Brian Perrino received his Ph.D. at the age of 30 years from Boston University School of Medicine and performed his postdoctoral studies at the Vollum Institute, Oregon Health Sciences University. He is a project leader in the Smooth Plasticity COBRE grant, and Co-Investigator on 3 NIH R01 grants. He has published more than 40 papers in peer-reviewed journals, has been invited several times to be a seminar speaker, has presented findings at many national and international scientific conferences, and serves as a reviewer for several leading peer-reviewed scientific journals.

Abstract

Increasing the Ca2+ concentration [Ca2+]i initiates smooth muscle contraction. A given increase in [Ca2+]i can yield more or less contractile force by increasing the myofilament sensitivity to Ca2+ through the regulation of MYPT1 and CPI-17 phosphorylation, which results in inhibition of myosin light chain phosphatase (MLCP) activity. Ca2+ sensitization of smooth muscle contraction has typically been studied by bath application of contractile agonists to smooth muscles.
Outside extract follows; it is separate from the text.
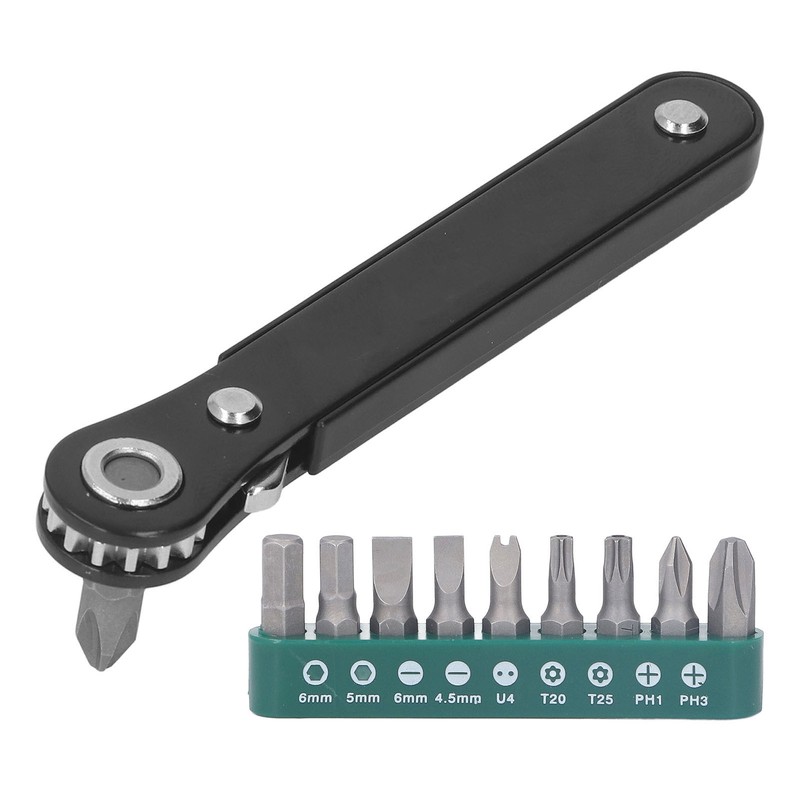 11Pcs Mini Screwdriver Set 1/4in Pocket Micro EDC Tool Ratchet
Stimulating gastrointestinal (GI) smooth muscles by bath applied agonists may not be equivalent to neurotransmitter release because these different modes of stimulation may activate different post-junctional receptors. We found that bath applied carbachol activates different Ca2+ sensitization mechanisms in gastric fundus smooth muscles than cholinergic neurotransmission. Carbachol increased both CPI-17 and MYPT1 phosphorylation, while cholinergic neurotransmission only increased CPI-17 phosphorylation. In the presence of the cholinesterase inhibitor neostigmine, cholinergic neurotransmission increased both CPI-17 and MYPT1 phosphorylation. In gastric fundus muscles of W/Wv mice, which lack intramuscular interstitial cells of Cajal (ICC-IM), cholinergic neurotransmission alone increased both CPI-17 and MYPT1 phosphorylation. Inhibiting Rho kinase (ROCK) or protein kinase C (PKC) blocked the increases in MYPT1 and CPI-17 phosphorylation, respectively. These findings suggest that cholinergic neurotransmission only activates PKC-dependent CPI-17 phosphorylation, while bath-applied carbachol recruits ROCK-dependent MYPT1 phosphorylation due to exposure of the agonist to a wider population of muscarinic receptors. These are the first findings demonstrating that bath applied carbachol and cholinergic neurotransmission elicit different biochemical responses in GI smooth muscles and that ICC-IM and transmitter metabolism restrict the volume of influence of enteric motor neurotransmitters.